BD – La Normandie littéraire est le sixième réseau régional créé au sein de la Fédération nationale des maisons d’écrivains et des patrimoines littéraires qui, elle, a fêté son vingtième anniversaire en 2018. Plus jeune, car initié en 2019, le réseau normand compte d’ores et déjà 16 sites ouverts à la visite (maisons et musées), 6 associations d’amis d’auteurs, Normandie Livre et Lecture – l’organe régional de promotion du livre et de la lecture – ainsi que des individuels, professionnels érudits ou amateurs passionnés.
Lieu de réflexion et d’échanges de pratiques, La Normandie littéraire vise à favoriser une meilleure (re)connaissance de l’immense patrimoine littéraire normand dans toute sa diversité, à permettre sa sauvegarde et sa valorisation.
Lancement de la saison « Résonances », projet porté par les réseaux normand et d’Ile-de-France au musée Georges Clemenceau à Paris
en présence de Nathalie Saint Cricq (pour son roman « Je vous aiderai à vivre, vous m’aiderez à mourir »), de Lise Lentignac (administratrice du musée) et de David Labreure (président du réseau Île-de-France et de la Fédération nationale).
12 Juin 2021.
HL – Quelle place y tient Gustave Flaubert et ses deux maisons de Rouen, le Musée Flaubert et d’histoire de la médecine ainsi que le pavillon de Croisset ?

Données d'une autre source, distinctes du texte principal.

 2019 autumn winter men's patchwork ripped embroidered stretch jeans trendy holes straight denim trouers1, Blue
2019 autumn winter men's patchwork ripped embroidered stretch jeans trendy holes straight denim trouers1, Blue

BD – Objectivement en se référant à la typologie des maisons d’écrivains du réseau, la place de Gustave Flaubert y apparaît à la fois unique et assez exceptionnelle. D’une part, le Musée Flaubert et d’histoire de la médecine réunit la chambre natale et les lieux familiers et intimes où Flaubert enfant puis jeune adulte a vécu entouré des siens. D’autre part, bien que le pavillon de Croisset soit le seul et modeste vestige de la demeure bourgeoise des bords de Seine où Flaubert a vécu très régulièrement à partir de 1846, il constitue un incroyable lieu de mémoire de l’œuvre de l’écrivain d’âge mûr puisque c’est à Croisset que l’écrivain a donné naissance à la plupart de ses chefs-d’œuvre depuis Madame Bovary, le premier roman publié en 1857, jusqu’à l’ultime et inachevé Bouvard et Pécuchet. C’est ici également en mai 1880 que Flaubert expira. La Normandie littéraire a donc l’honneur de représenter à travers ses membres, la chronologie complète de la vie et de l’œuvre d’un des plus grands romanciers français du XIXe siècle.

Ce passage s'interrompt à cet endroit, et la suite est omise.